I decided to go there for a couple of reasons. The cost to stay two nights in one of the parks cabins was just shy of $155. The other, and what put it on my radar, was that it was recommended while doing an interview for a previous article, ‘Fly on a dime, where to travel during the off-season.’

If you get there by driving along the Trace, the drive alone, to-and-from the park, is an absolute pleasure (except for the fact that we hit a deer and most likely killed it…It was traumatizing).

It’s about a four-hour drive from Jackson and you don’t have to worry about a bunch of speeding cars, bumper-to-bumper traffic, stop lights, just deer.

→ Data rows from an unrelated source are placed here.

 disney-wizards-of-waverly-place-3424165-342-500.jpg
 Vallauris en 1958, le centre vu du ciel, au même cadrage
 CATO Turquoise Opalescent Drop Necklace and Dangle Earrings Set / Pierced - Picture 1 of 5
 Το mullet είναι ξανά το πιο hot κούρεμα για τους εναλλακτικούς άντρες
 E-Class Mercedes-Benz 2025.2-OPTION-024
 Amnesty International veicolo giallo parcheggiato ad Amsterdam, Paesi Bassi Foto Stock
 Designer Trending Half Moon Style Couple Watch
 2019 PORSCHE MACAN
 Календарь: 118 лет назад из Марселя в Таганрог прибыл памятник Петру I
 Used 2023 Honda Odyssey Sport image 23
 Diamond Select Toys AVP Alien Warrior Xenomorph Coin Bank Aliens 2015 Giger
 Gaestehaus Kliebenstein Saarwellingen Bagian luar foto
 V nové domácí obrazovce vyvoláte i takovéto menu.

When we got there, the cabin was pretty much what you would expect: Small, old, a creepy deer mount and a shower with floor mats I wanted no business of.  But the positives of the cabin greatly outweighed the negatives: It was a beautiful stone/wood cabin, oversized porch, surprisingly comfortable bed, beautiful fire place, great water pressure, excellent heating and AC, a kitchen where you could cook anything you wanted and a view you would no-doubt enjoy.

The majority of my time was spent hiking some of the seven different trails in the park, my favorite being the Outcroppings Trail.  This 2.0 mile hike begins and ends at the swinging bridge, which was constructed in the 1930s by the Civilian Conservation Corps (most of the park was built by the CCC).

Quick side note: While walking the Outcroppings Trail, you will run into a natural spring. Don’t be afraid, it taste amazing and will probably make you stronger, live longer and cure cancer. At least, that’s what I think.

While at the park, we fished (I caught a bass, you can call me Bill Dance), explored numerous rock formations, started a fire (in our cabin fire place) and took way too many pictures.

I could go on for some-time about how great it is, but I think it’s better if you experience it and make some discoveries yourself.